§ **WHAT THE TASK ASKS**
Every word in the data below belongs in your copy, exactly as given; the pictures do not.
══ COLLECTED DATA
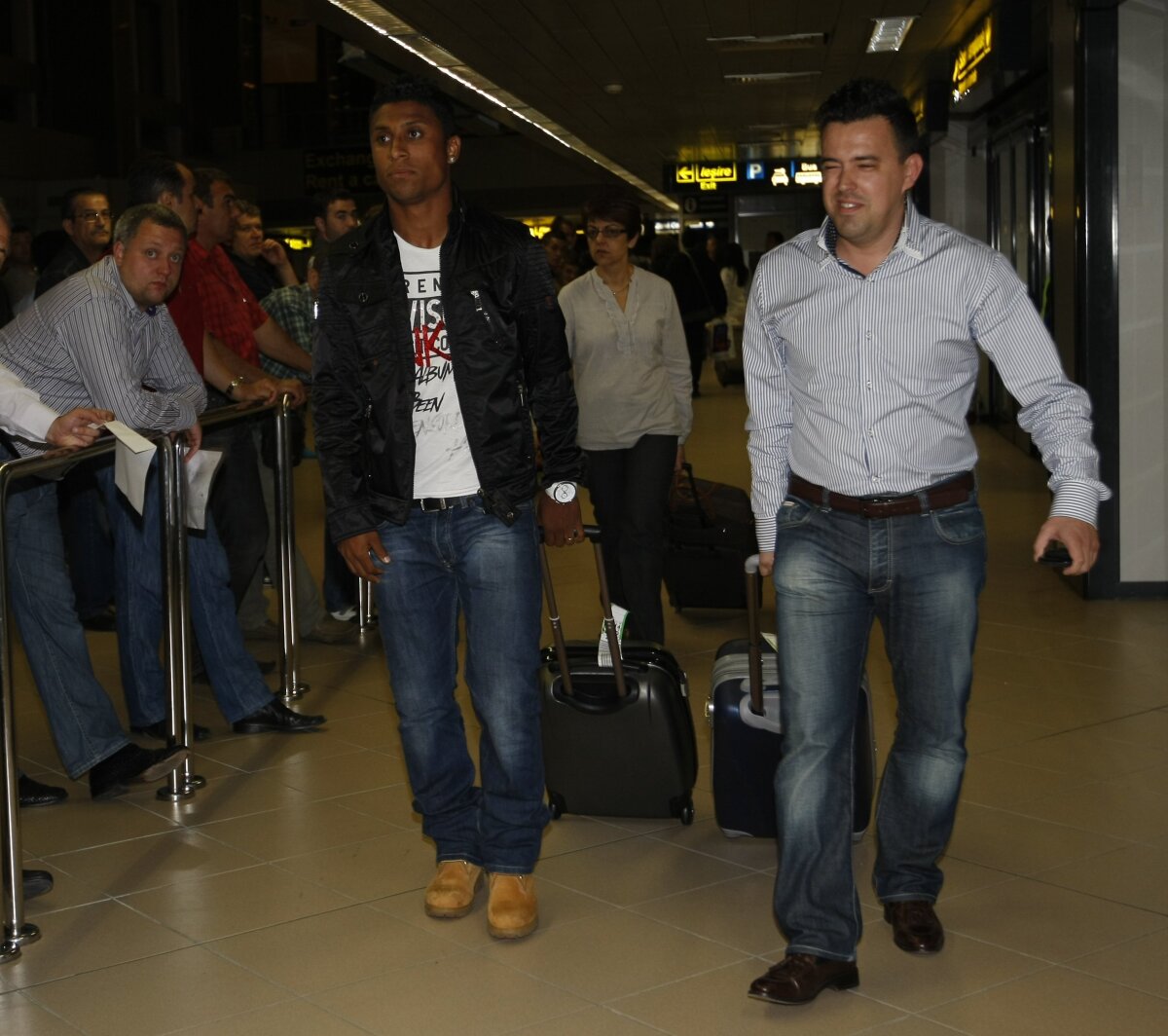 FOTO » Tatu a ajuns în România!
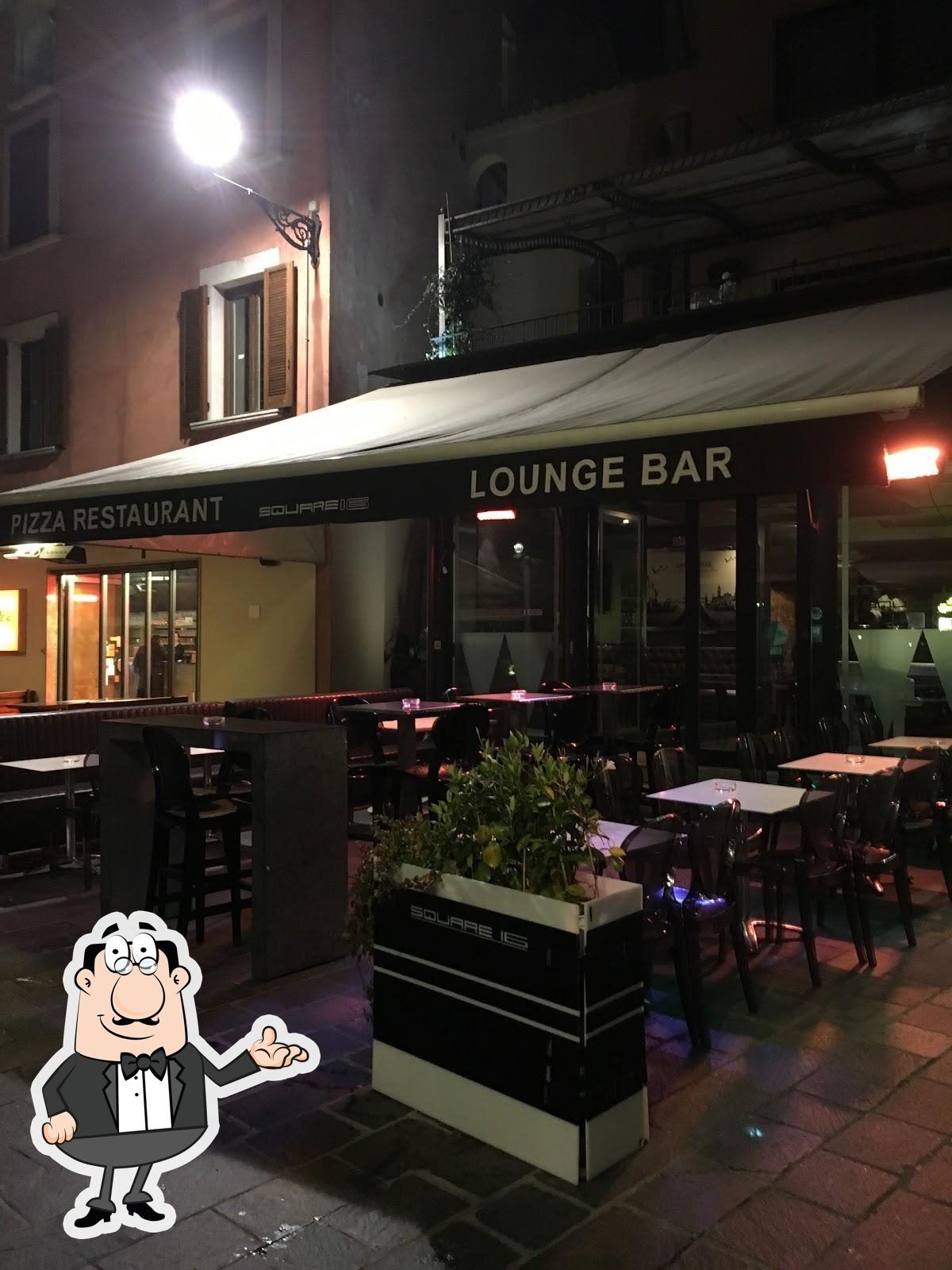 Siediti a un tavolo di Square 16.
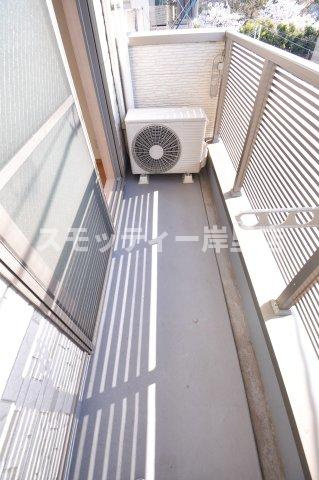 Fmaison西加賀屋I番館のバルコニー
════
§ **RESPONSE FOR THIS EXERCISE**
 FOTO » Tatu a ajuns în România!
 Siediti a un tavolo di Square 16.
 Fmaison西加賀屋I番館のバルコニー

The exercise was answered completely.